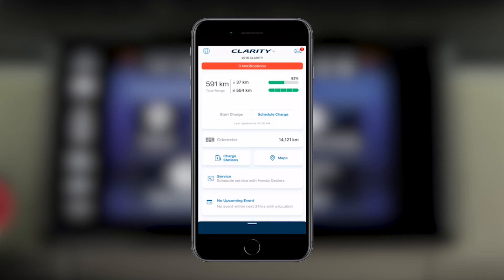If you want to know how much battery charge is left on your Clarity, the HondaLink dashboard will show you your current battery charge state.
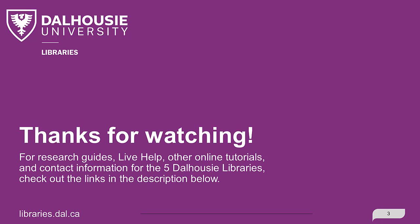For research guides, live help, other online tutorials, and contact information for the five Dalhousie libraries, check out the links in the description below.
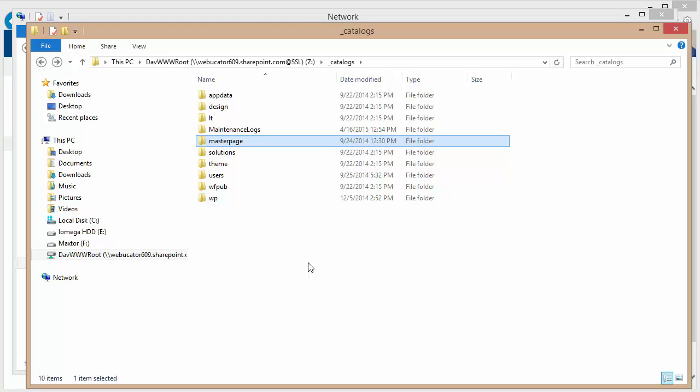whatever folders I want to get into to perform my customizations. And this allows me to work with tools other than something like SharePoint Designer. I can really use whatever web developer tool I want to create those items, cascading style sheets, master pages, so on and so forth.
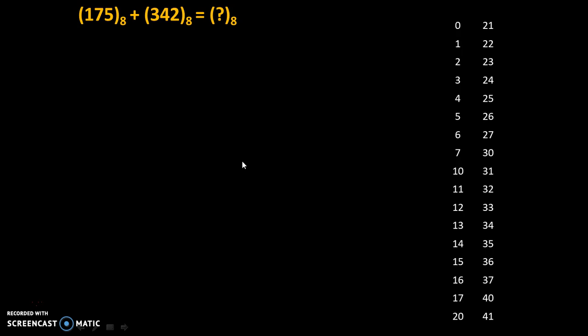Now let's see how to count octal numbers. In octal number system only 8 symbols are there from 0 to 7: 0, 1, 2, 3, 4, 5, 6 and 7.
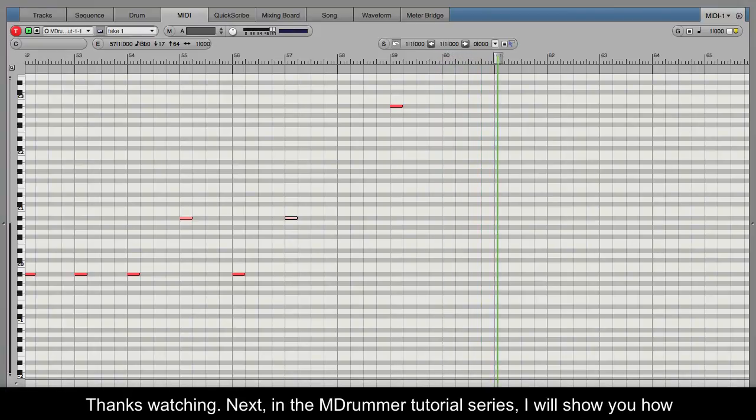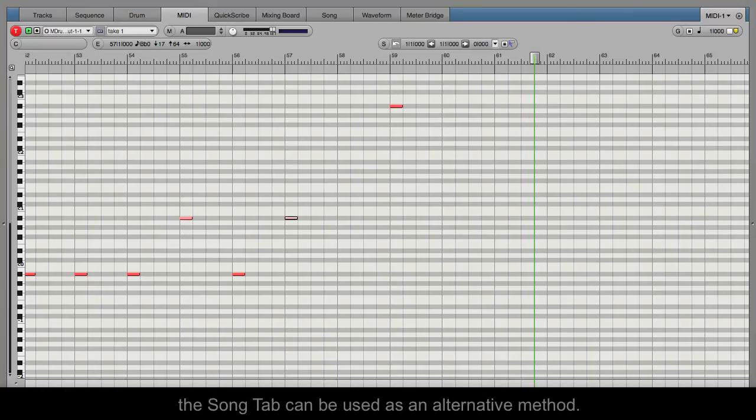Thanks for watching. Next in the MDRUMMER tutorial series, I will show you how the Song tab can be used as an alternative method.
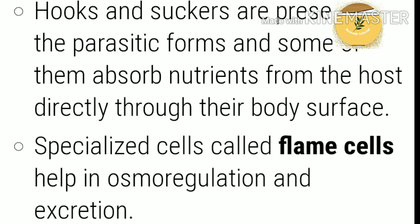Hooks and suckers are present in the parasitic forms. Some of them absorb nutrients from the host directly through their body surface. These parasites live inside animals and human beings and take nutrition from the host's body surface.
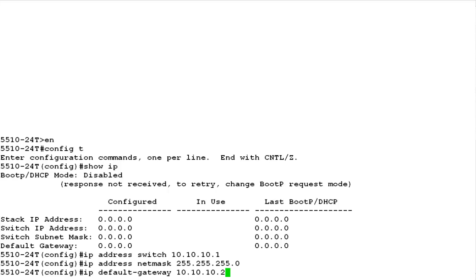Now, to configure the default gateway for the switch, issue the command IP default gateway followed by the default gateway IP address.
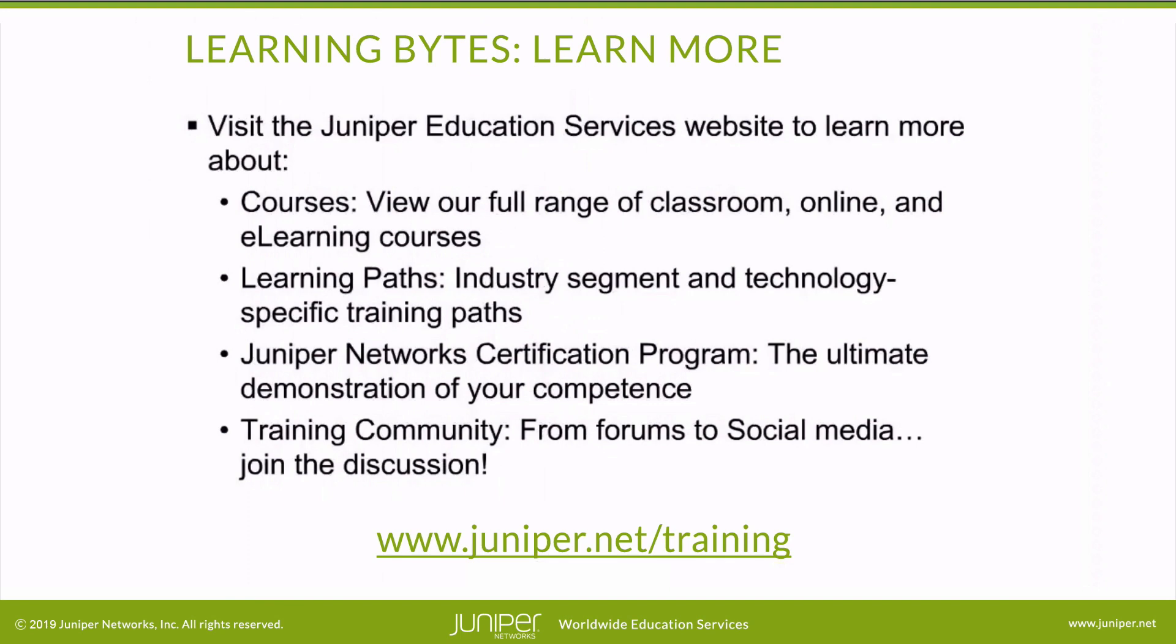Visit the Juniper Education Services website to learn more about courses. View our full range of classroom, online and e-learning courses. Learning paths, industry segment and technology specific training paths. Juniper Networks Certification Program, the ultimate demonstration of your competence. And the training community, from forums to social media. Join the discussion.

--

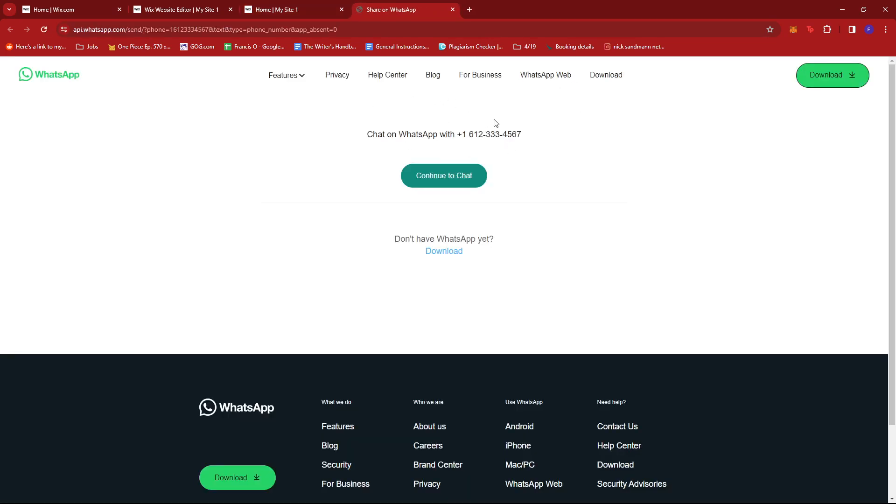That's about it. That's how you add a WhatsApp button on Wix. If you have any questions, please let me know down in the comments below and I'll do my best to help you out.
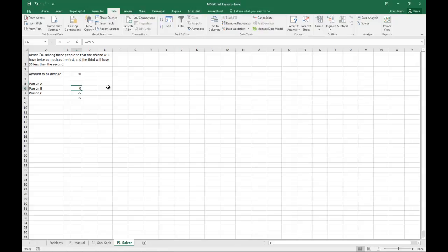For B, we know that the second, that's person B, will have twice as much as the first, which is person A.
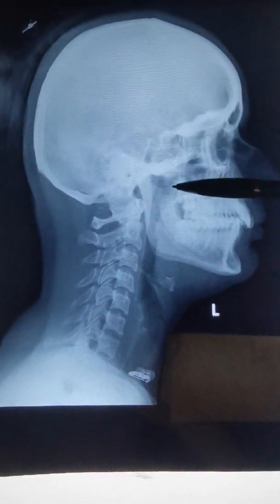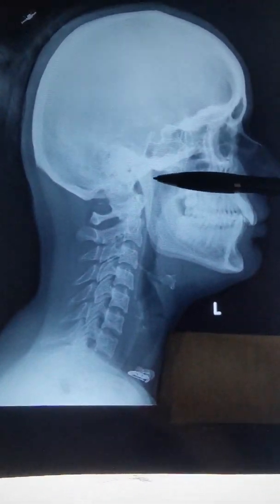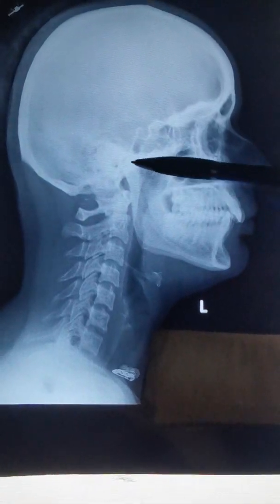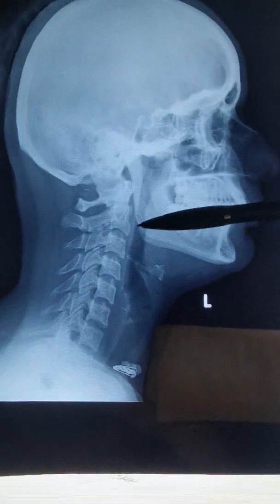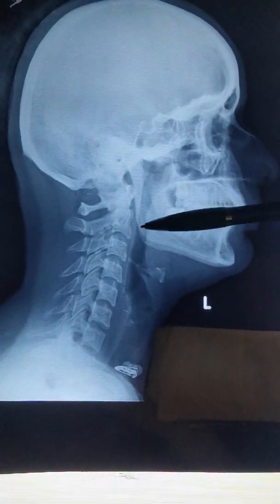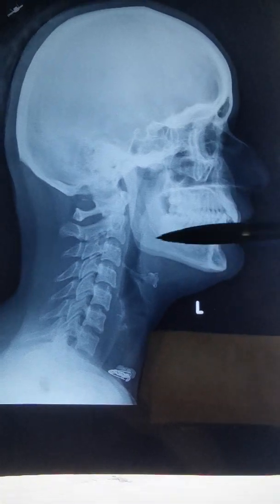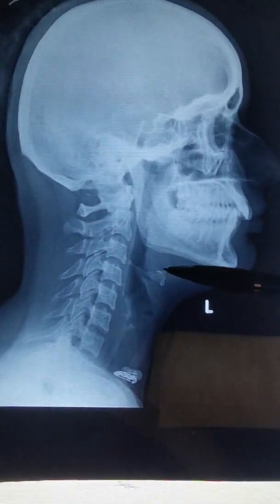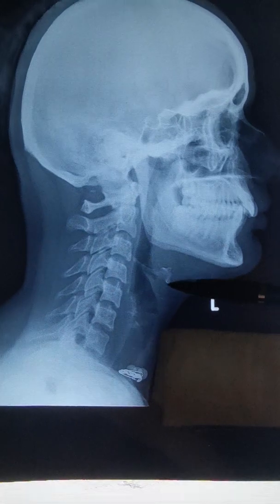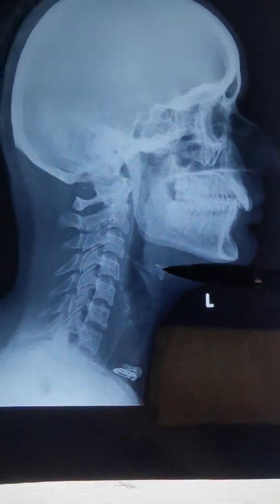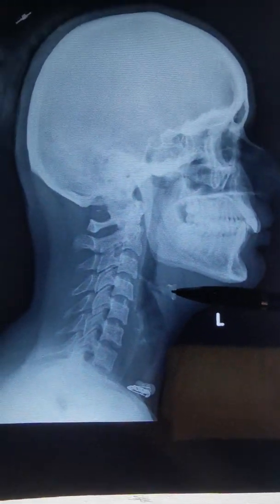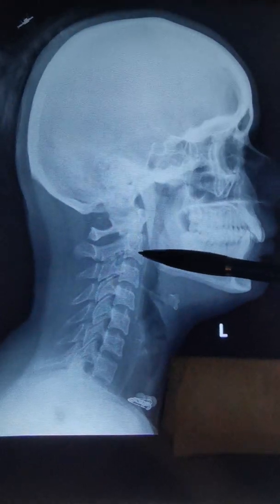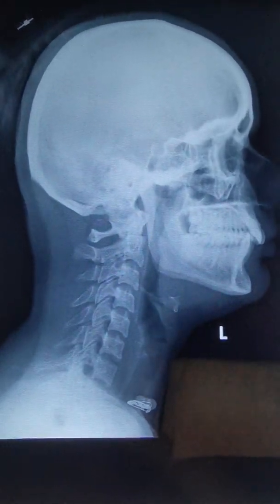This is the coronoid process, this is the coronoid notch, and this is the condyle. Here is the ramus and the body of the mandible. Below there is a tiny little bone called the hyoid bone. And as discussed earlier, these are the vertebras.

==

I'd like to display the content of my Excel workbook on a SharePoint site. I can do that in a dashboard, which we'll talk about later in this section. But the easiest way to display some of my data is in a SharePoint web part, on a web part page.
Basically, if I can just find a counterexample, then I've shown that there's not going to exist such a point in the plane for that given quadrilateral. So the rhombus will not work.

Work task => Only the lines above starting with the line with "If you want" and going on through the line with "Hooks and suckers" belong in the answer; repeat them exactly, minus any picture.

Finished task =>
If you want to know how much battery charge is left on your Clarity, the HondaLink dashboard will show you your current battery charge state.
For research guides, live help, other online tutorials, and contact information for the five Dalhousie libraries, check out the links in the description below.
whatever folders I want to get into to perform my customizations. And this allows me to work with tools other than something like SharePoint Designer. I can really use whatever web developer tool I want to create those items, cascading style sheets, master pages, so on and so forth.
Now let's see how to count octal numbers. In octal number system only 8 symbols are there from 0 to 7: 0, 1, 2, 3, 4, 5, 6 and 7.
Thanks for watching. Next in the MDRUMMER tutorial series, I will show you how the Song tab can be used as an alternative method.
Hooks and suckers are present in the parasitic forms. Some of them absorb nutrients from the host directly through their body surface. These parasites live inside animals and human beings and take nutrition from the host's body surface.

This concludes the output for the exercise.